Adding to the confusion, the first Shi story Way of the Warrior has been retold twice, firstly in a two issue miniseries Rekishi by Christopher Golden and in the four issue novelisation Shi; The Illustrated Warrior by Craig Shaw Gardner. (although it was handy in filling in the gaps in my run of Way of The Warrior)

The stories start off in traditional vigilante fashion with 10 year old Ana Ishikawa witnessing the death of her father and brother at the hands of a Yakuza chieftan Arashi.  Ana is then trained by her grandfather as a samurai and eventually she seeks revenge against Arashi.  For the most part Way of The Warrior is grounded in reality.

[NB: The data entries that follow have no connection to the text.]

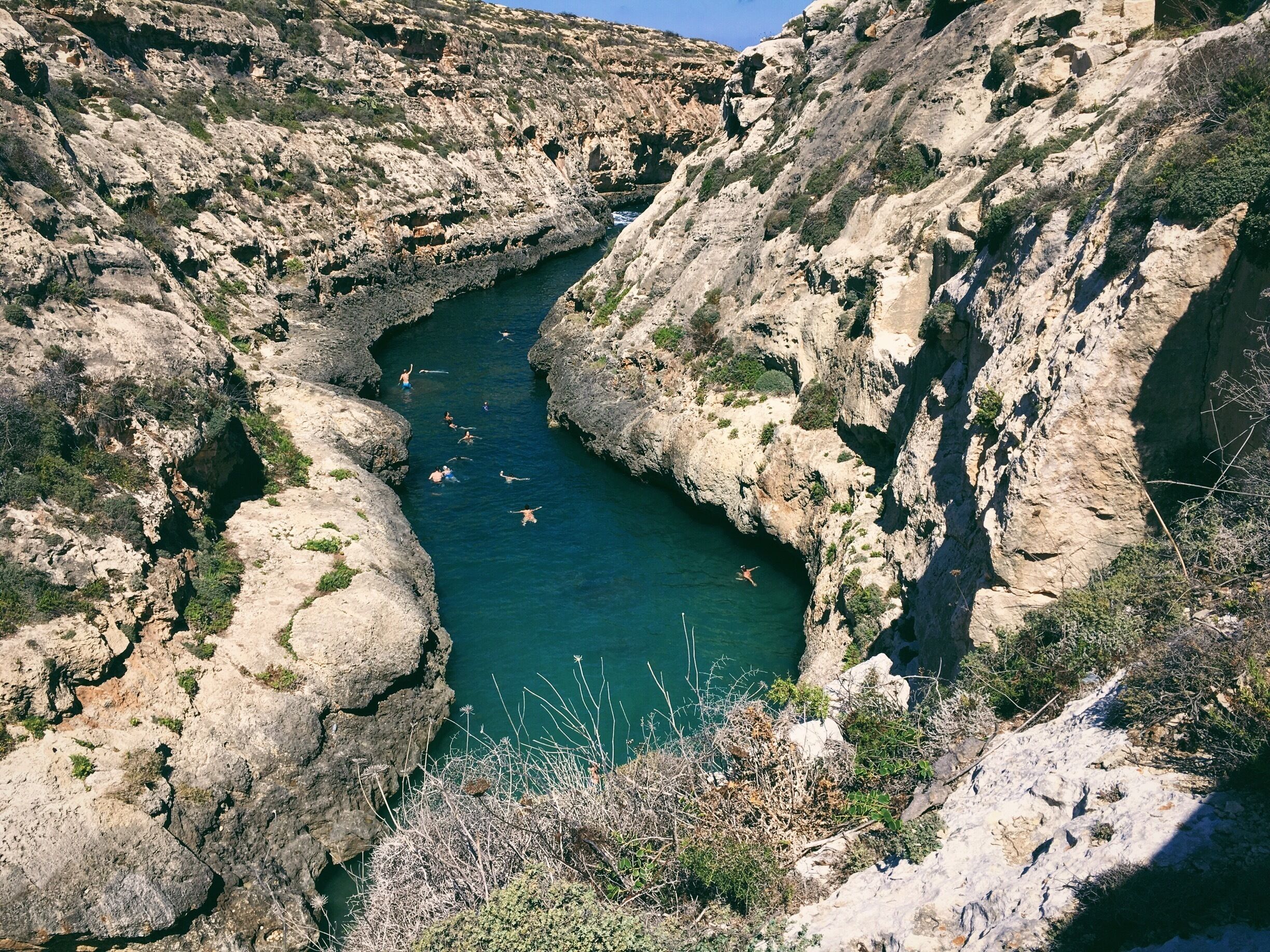 How to get here by by bus/foot:

From Victoria bus station, ride the bus going to Marsalforn.

Alight at the stop near the bay, direction going to Xwejni Bay.

Follow the path going to the salt pans.

Walk/Run.

Take pictures.

Breathe.

Walk/Run some more.

After passing Xwejni Bay and the salt pans, you will see a paved, winding road going up. You will also see a small store selling sea salts. From here, it is approx 3km going to Wied-il Ghasri.

There are cars/atvs passing by so, if at some point you feel tired and restless -- 👍🏼

Folks in Malta are very friendly and helpful, you won't feel unsafe with hitching a ride ;) 

After a few kms, you will see a sign going down to wied-il ghasri. A few flight of stairs down and you will finally see this rewarding sight. 

Plop on a mat, swim and don't forget to have fun! ;) 

#TroveOn
#Malta
#AquaTrove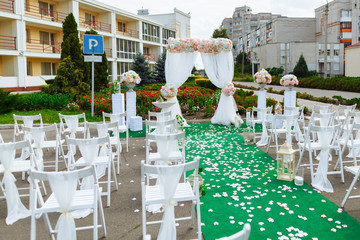 Beautiful decoration of the wedding ceremony. White wooden chairs for guests on either side of the walkway, which leads to festive arch decorated with flowers
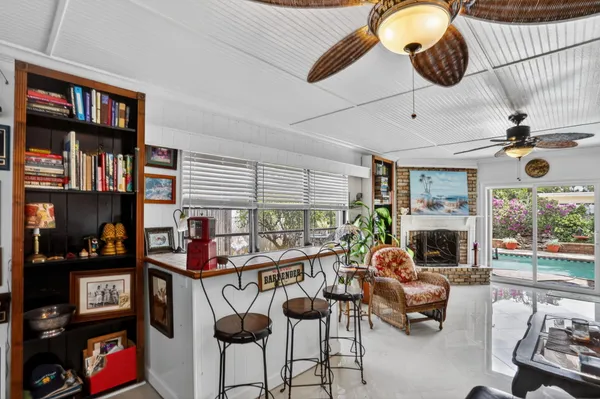 a living room with furniture a fireplace and a book shelf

From there the story expands adding supernatural elements such as Oni (demons) and Kitsune (fox spirits) as well as super science such as time travel.

However, I did enjoy the stories and fact that the series could change from a fuedal war between rival clans to a battle with Oni.

While Ana has a Japanese name and training, her mother was American and raised her as a Christian and many of the stories deal with Christianity.  The Tora No Shi stories deal with the persecution of early Japanese Christians.

All of the Shi books I read have interesting stories and lovely art.  I'll have to keep my eye out for more Shi stories.

I found Shi-Through The Ashes to be an especially moving story with Ana caught in the World Trade Centre during the events of 9/11.  Ana never appears as Shi in the story (she does in the artwork) which made the events all the more powerful - Ana for all her training was overwhealmed by the events of that day and the firefighters are presented as true heroes.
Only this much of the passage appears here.